L'impact de cette "taxe Nutella", si elle devait être ratifiée par les députés, est loin d'être négligeable. En effet, près d'un produit alimentaire industriel sur deux contient de l'huile de palme, peu chère par rapport à d'autres huiles, et qui rend des services aux industriels... mais aussi aux consommateurs. Selon les produits, elle leur confère de l'onctuosité ou du craquant, et permettent une bonne conservation, mais joue aussi sur leur goût.

Il est possible de remplacer l'huile de palme par des matières grasses qu'il faut hydrogéner pour avoir les mêmes propriétés : la technique, qui produit des acides gras saturés, est très décriée. Et en tout état de cause, cela reste de la matière grasse... Le jeu des substitutions est risqué. On le voit avec le sucre, diabolisé, et que l'on a remplacé par un produit d'origine chimique, l'aspartame, de plus en plus critiqué lui aussi.

"Si nos produits sont dangereux, qu'on les interdise !" a beau jeu de marteler Jean-René Buisson, le patron de l'Association nationale des industries agroalimentaires (Ania). Alors, nos industriels de l'agroalimentaire seraient-ils tout simplement les victimes d'un acharnement budgétaire ? Ce serait trop simple. Ils récoltent tout bonnement le fruit de près de vingt ans d'un marketing nutritionnel aberrant. Dont ils ont, eux aussi, fait leurs choux gras.
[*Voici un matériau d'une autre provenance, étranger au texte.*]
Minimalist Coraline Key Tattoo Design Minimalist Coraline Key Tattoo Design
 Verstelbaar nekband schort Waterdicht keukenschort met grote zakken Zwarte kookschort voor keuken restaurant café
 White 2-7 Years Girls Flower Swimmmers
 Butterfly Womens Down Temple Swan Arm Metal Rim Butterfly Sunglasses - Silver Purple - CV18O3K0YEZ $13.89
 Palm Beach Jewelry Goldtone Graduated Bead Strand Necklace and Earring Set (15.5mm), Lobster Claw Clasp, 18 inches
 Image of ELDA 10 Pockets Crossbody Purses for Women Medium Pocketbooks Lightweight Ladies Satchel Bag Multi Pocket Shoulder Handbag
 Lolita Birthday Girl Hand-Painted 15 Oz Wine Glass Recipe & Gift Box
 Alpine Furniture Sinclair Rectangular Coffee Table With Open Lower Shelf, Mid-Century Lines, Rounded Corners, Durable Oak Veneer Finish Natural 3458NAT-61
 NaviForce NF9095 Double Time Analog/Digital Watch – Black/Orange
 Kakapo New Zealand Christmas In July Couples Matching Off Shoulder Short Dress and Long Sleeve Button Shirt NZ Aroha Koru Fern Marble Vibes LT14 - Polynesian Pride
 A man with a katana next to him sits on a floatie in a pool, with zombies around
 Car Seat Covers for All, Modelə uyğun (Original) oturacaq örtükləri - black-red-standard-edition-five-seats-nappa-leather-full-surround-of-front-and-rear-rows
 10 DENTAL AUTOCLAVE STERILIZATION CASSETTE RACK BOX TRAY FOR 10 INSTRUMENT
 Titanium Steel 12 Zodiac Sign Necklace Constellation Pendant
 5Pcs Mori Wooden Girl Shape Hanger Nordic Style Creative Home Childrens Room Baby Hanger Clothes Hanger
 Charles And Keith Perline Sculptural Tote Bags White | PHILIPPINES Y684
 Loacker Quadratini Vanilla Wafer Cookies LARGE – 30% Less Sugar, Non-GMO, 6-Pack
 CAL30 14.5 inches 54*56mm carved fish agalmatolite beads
Avec l'aide de nutritionnistes plus ou moins bien intentionnés, ils nous ont vanté les vertus des oméga3 et des stérols végétaux bons pour nos coeurs, les mérites du bifidus pour résoudre tous nos problèmes de transit intestinal, ou de l'huile de bourrache pour améliorer notre teint... On en passe et des meilleures ! Des nutriments tous plus beaux les uns que les autres, accréditant l'idée qu'un seul ingrédient pouvait avoir un impact miracle sur notre santé. Tout discours nutritionnel qui s'écarte de la notion de régime alimentaire pour s'intéresser aux bienfaits ou aux méfaits de tel ou tel ingrédient n'est pas crédible. Qu'il sorte de la bouche d'un nutritionniste, d'un industriel de l'agroalimentaire... ou d'un sénateur.